Reflect for a moment on the possibility that nearly every child is capable of accomplishing some stupendously unimaginable feat that satisfies a salient need of our human species. Why are we not willing to invest in children to such a degree that they might achieve what Simone Weil dubbed their “indispensable destiny“? How can we deny any child the right to that opportunity for self actualization. 

Imagine for a moment each of our most economically disadvantaged children on such trajectories, perhaps forging a peace agreement between Israelis and Palestinians; or designing the magnetic containment field for a fusion reactor; or isolating a molecule that deactivates the aging gene; or finding an inexpensive way to desalinate and purify seawater; or curing cancer; or leading a successful mission to deflect interplanetary debris from an Earth orbit intersect; or solving any of the host of environmental, medical or economic problems that beset all of humanity.

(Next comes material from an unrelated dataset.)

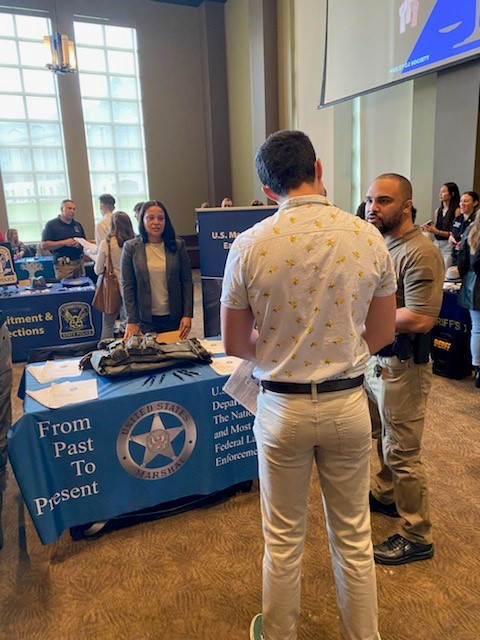USMSBrooklyn's tweet photo. E/NY Personnel joined other Federal, State, and Local Law Enforcement partners at the @Marist Crime &amp; Social Justice Career/Internship Fair. USMS personnel spoke about future hiring initiatives and internship opportunities in E/NY. #BeTheDifference #CareerDay #USMarshals https://t.co/HbPz3uM25Z
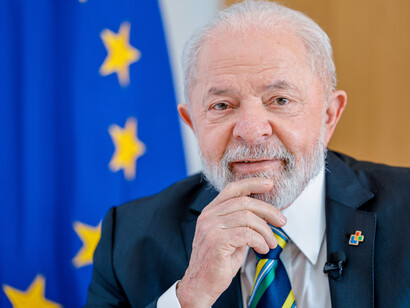 O maior desafio da esquerda hoje é reconquistar o eleitor de baixa renda com propostas viáveis e que atendam às suas necessidades imediatas. 
Presidente da República, Luiz Inácio Lula da Silva, durante encontro com a Presidenta da Comissão Europeia, Ursula von der Leyen. Edifício Le Berlaymont, Gabinete, – Bruxelas - Bélgica, 17.07.2023. Foto de Ricardo Stuckert/PR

Which of these indispensable destinies would you sacrifice to tax cuts for the wealthy or larger profits margins for private enterprise?

Now, imagine each of those potential world changers settling for a McJob, simply because politicians could not justify the immense effort and expense of truly educating all children to the limits of their potential. Imagine those children lost in the anonymity of large classes and taught by marginally qualified instructors. Imagine those potential movers and shakers of history competing against what is known, today, as the “digital divide“. Not much imagination is required since our tale of two school systems is right in front of our eyes.

Which of these scenarios constitutes the greater loss for our society?

Too much is currently left to serendipity when it comes to educating children. A few children find their way, against all odds, out of challenging circumstances… A few years ago,  a former student returned to visit his high school teachers at our majority-poverty high school. He had not been a particular standout in high school, but he had just graduated in 3 1/2  years with a double major and was headed for a prestigious medical school.

He was among the fortunate few who undertake what Anne Sexton called “The Awful Rowing Toward God” on the way to achieving his “indispensable destiny” despite large classes and inadequate resources. Still, such success stories should be the trend and not the anomaly. Nor should such statistically insignificant anecdotes suffice as justification that we have, collectively, provided enough to remove the stumbling blocks for all children. 

No child should be allowed to languish in conditions that permit little more than a flourishing of social darwinism. Rather, it is the purview of adults to remove impediments to learning and furnish the resources necessary to achieve self actualization. It is also incumbent on adults to elect representatives who will make such schools possible for all children instead of a privileged few.  Should you believe, as does Jonathan Kozol, that ‘spending more on [prisoners] than [students] is a form of cultural suicide’ then the time for political apathy is long past with an understanding that our national greatness will ultimately be determined by how we treat the least powerful among us.